(Short text fragments from websites)
· · ·

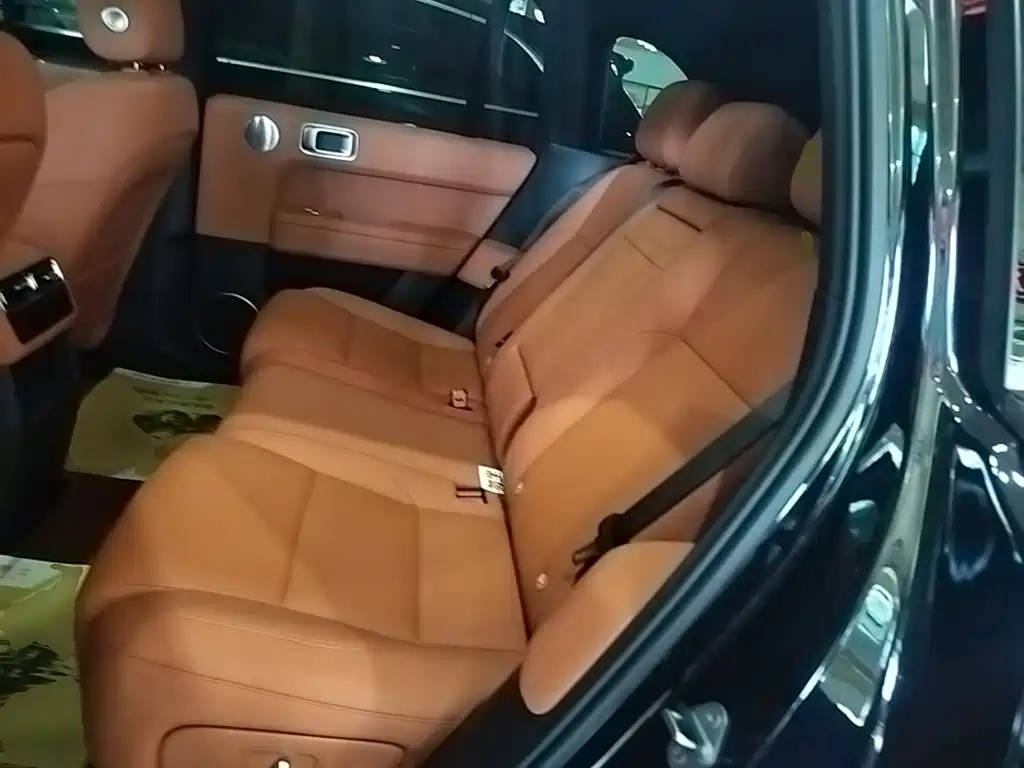 Li Auto Li L6 — миниатюра 17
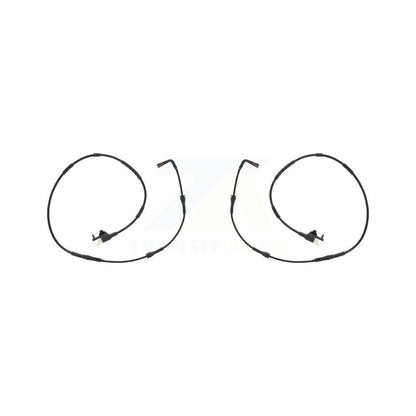 Disc Brake Pad Wear Sensor Kit-KSE-100503 - Kit.bestparts.ca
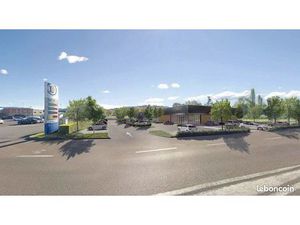 Local commercial a louer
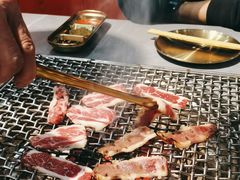 -可心筛网烤肉(南关区幸福一路店)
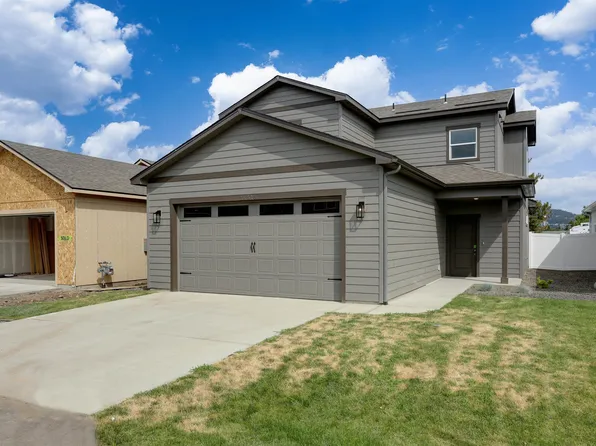 18513 E Michielli Ln, Spokane Valley, WA 99016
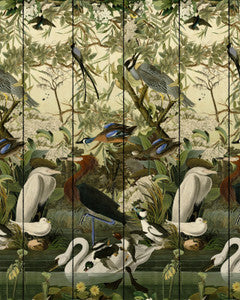 Mind the Gap Wallpaper Mind The Gap   DANUBIAN TALE   (WP20719)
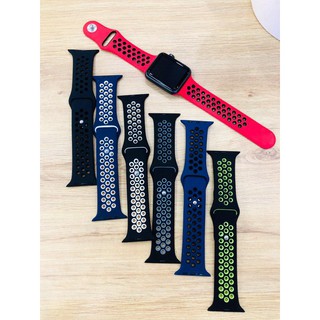 Dây Nike Apple Watch 42/44mm
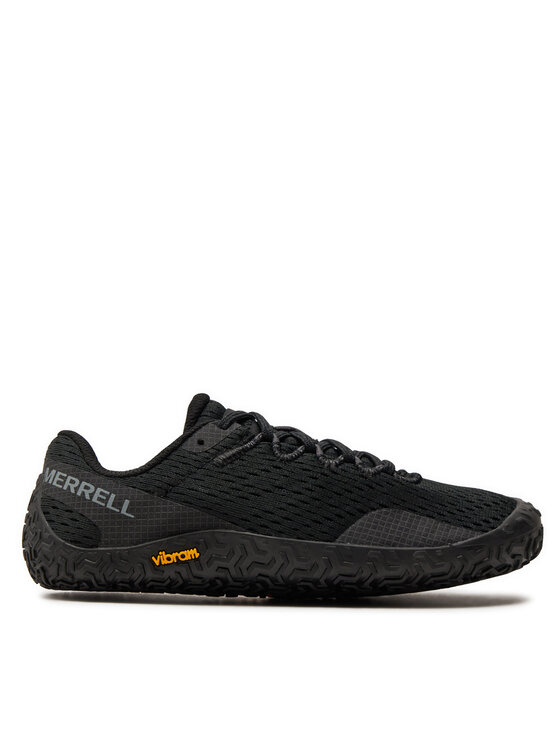 Pantofi pentru alergare Merrell Vapor Glove 6 J067718 Negru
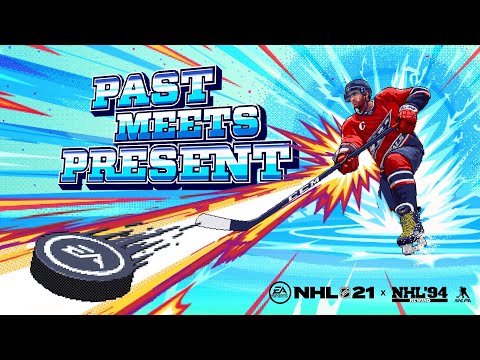 NHL 94 Rewind добавили в EA Play и Game Pass Ultimate: с сайта NEWXBOXONE.RU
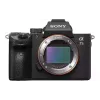 Câmera Sony, Black (ILCE7M3B.CEC)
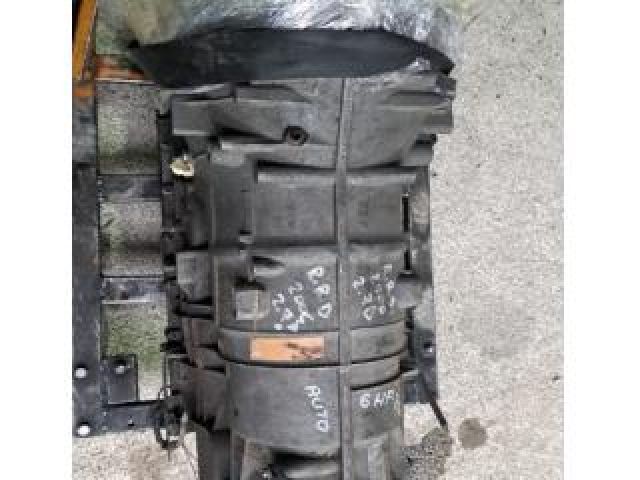 bontott LAND ROVER DISCOVERY Automata Váltó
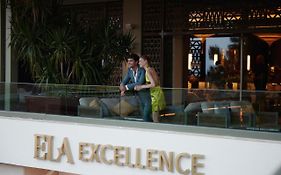 Ela Quality Resort Hotel Belek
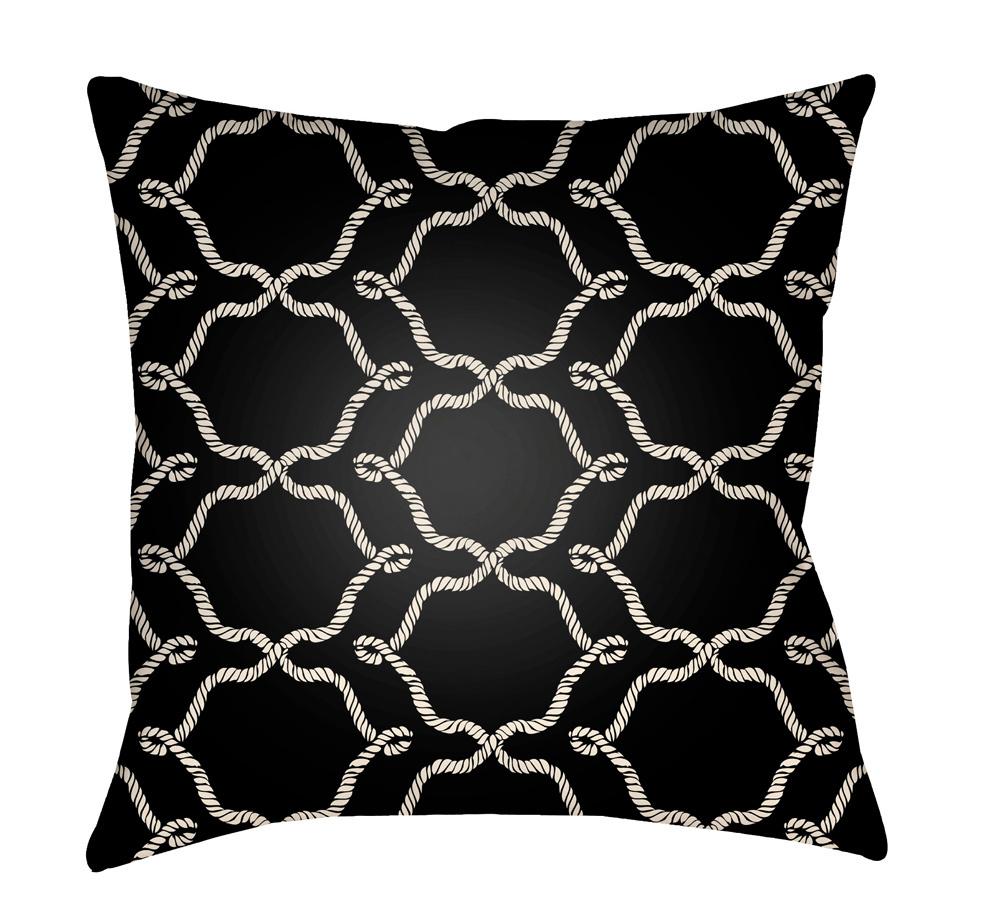 Livabliss - Litchfield 16inLx16inW Accent Pillow - LTCH1343-1616 veiw 1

· · ·

▶ Exercise
Nothing is needed beyond an exact transcription of the lines from the one containing "Disc Brake Pad" to the end of the entries above, with the pictures omitted.

▶ Reply
 Disc Brake Pad Wear Sensor Kit-KSE-100503 - Kit.bestparts.ca
 Local commercial a louer
 -可心筛网烤肉(南关区幸福一路店)
 18513 E Michielli Ln, Spokane Valley, WA 99016
 Mind the Gap Wallpaper Mind The Gap   DANUBIAN TALE   (WP20719)
 Dây Nike Apple Watch 42/44mm
 Pantofi pentru alergare Merrell Vapor Glove 6 J067718 Negru
 NHL 94 Rewind добавили в EA Play и Game Pass Ultimate: с сайта NEWXBOXONE.RU
 Câmera Sony, Black (ILCE7M3B.CEC)
 bontott LAND ROVER DISCOVERY Automata Váltó
 Ela Quality Resort Hotel Belek
 Livabliss - Litchfield 16inLx16inW Accent Pillow - LTCH1343-1616 veiw 1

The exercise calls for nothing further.